▶ _ACTIVITY_: Wherever a picture appears in the data below, omit it, and restate everything else word for word.

▶ _RECORDS SHOWN_:
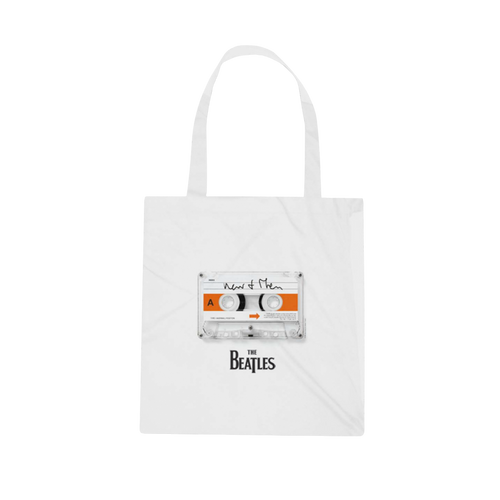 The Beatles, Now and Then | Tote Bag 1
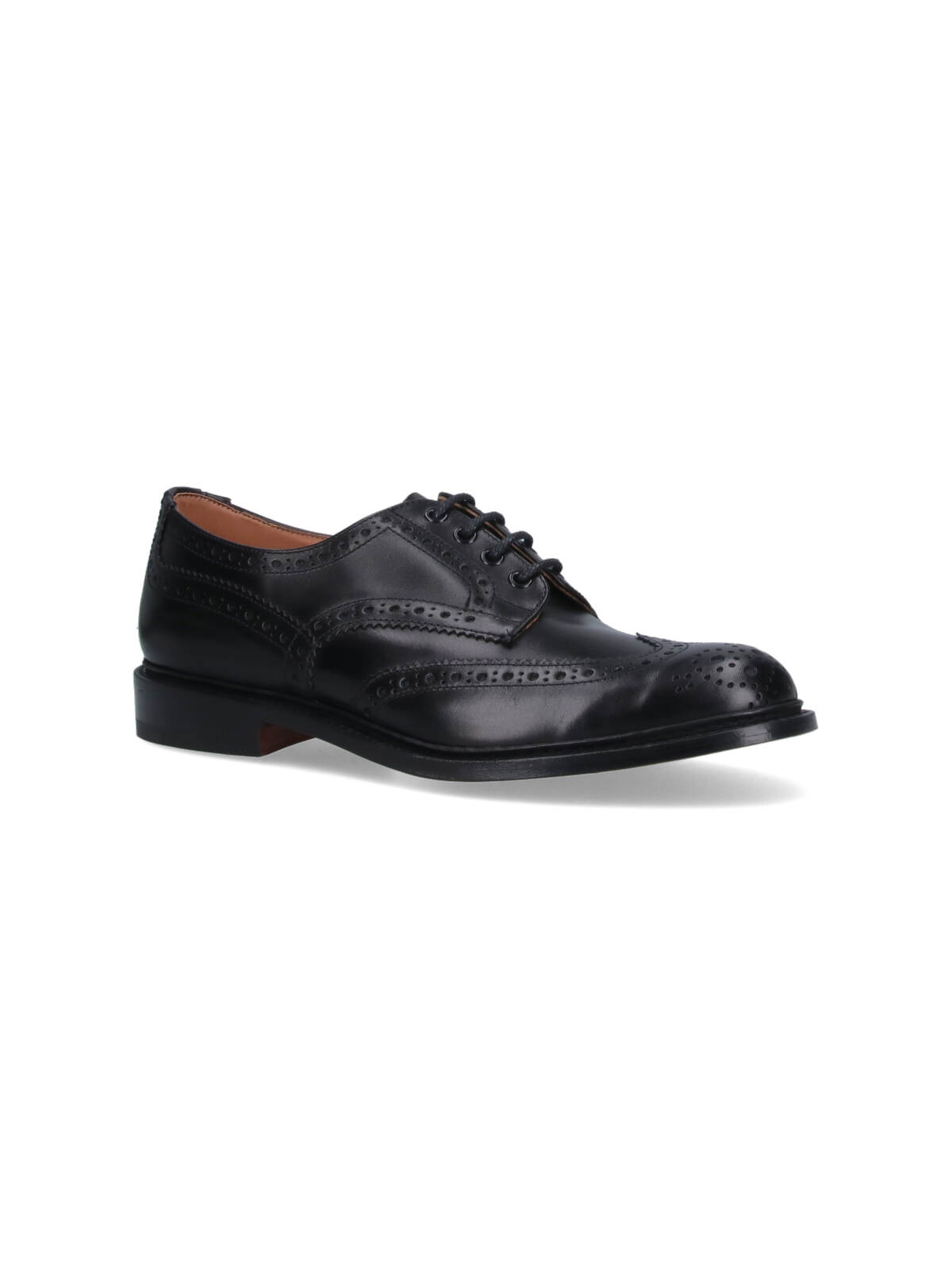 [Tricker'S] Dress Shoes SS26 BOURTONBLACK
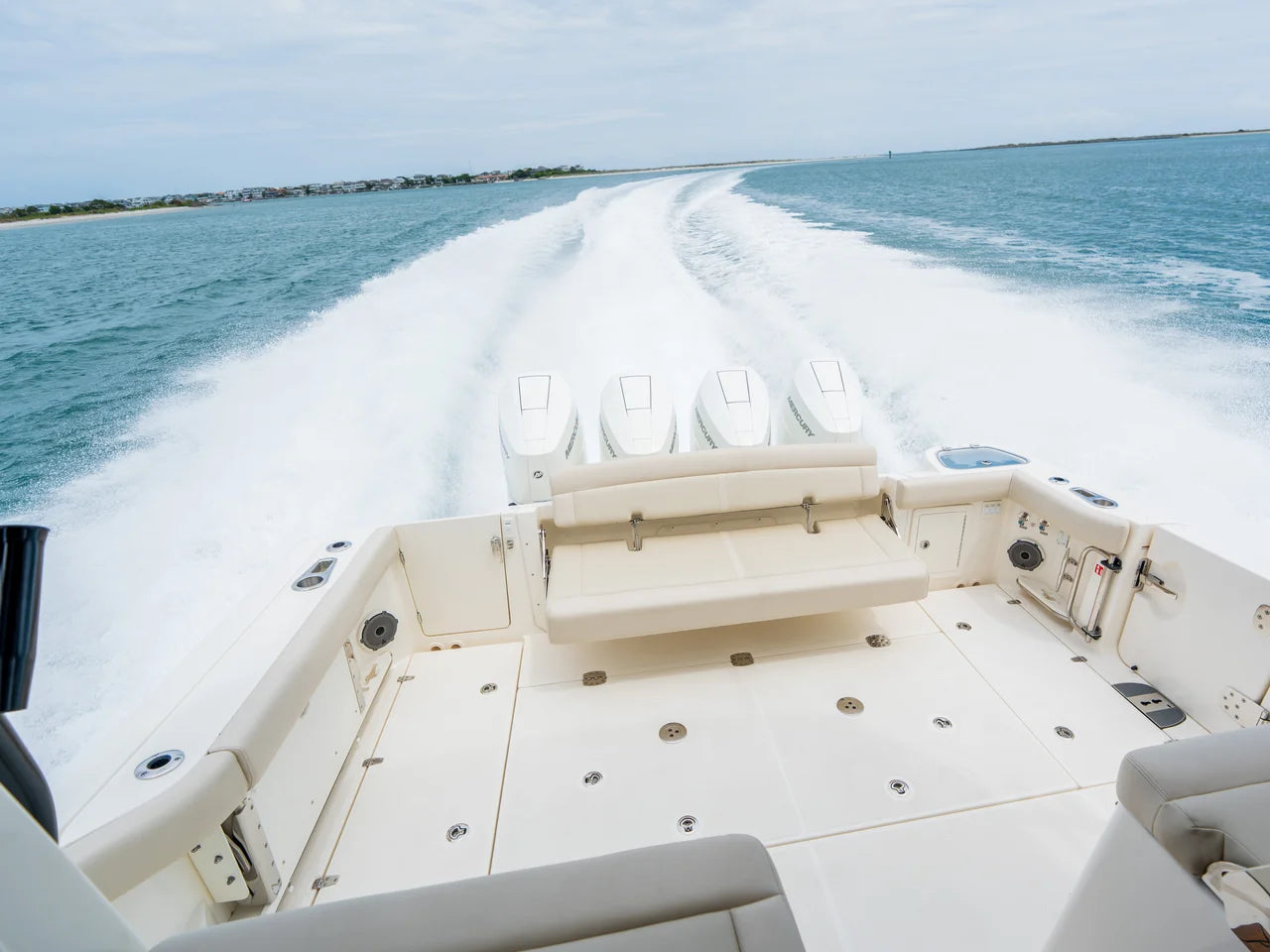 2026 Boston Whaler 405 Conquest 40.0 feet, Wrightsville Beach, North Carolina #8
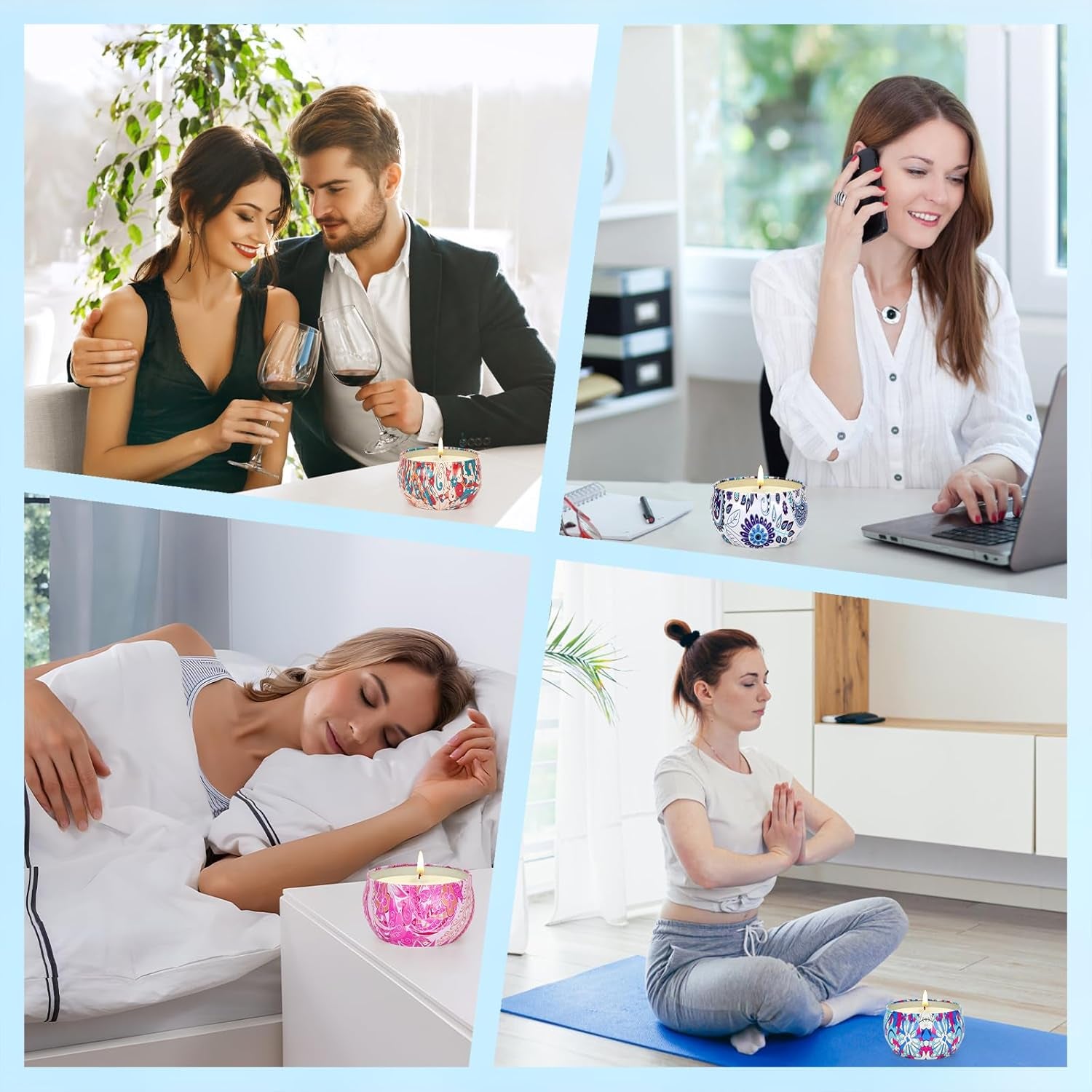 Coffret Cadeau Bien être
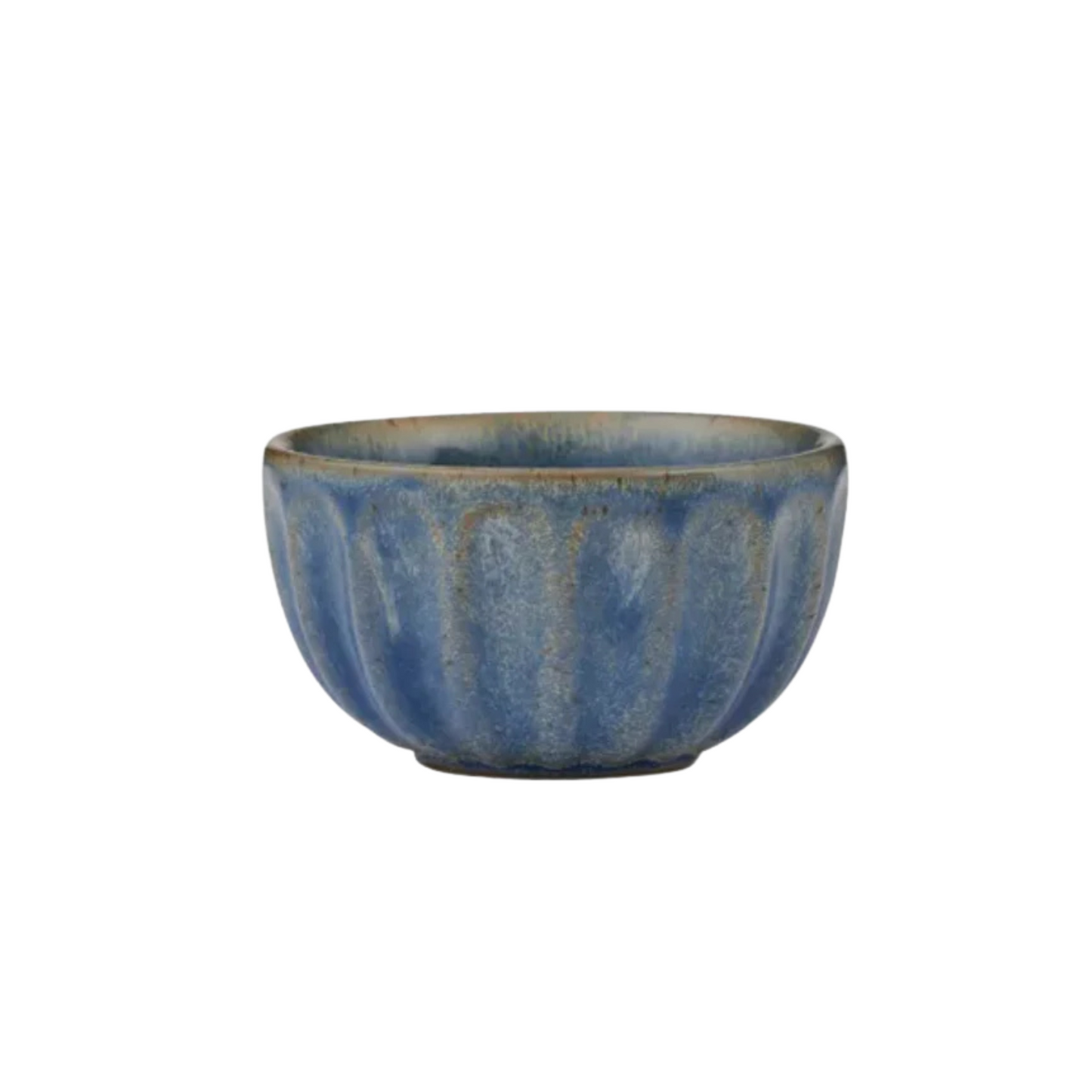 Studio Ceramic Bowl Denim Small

▶ _SOLVED PROBLEM_:
 The Beatles, Now and Then | Tote Bag 1
 [Tricker'S] Dress Shoes SS26 BOURTONBLACK
 2026 Boston Whaler 405 Conquest 40.0 feet, Wrightsville Beach, North Carolina #8
 Coffret Cadeau Bien être
 Studio Ceramic Bowl Denim Small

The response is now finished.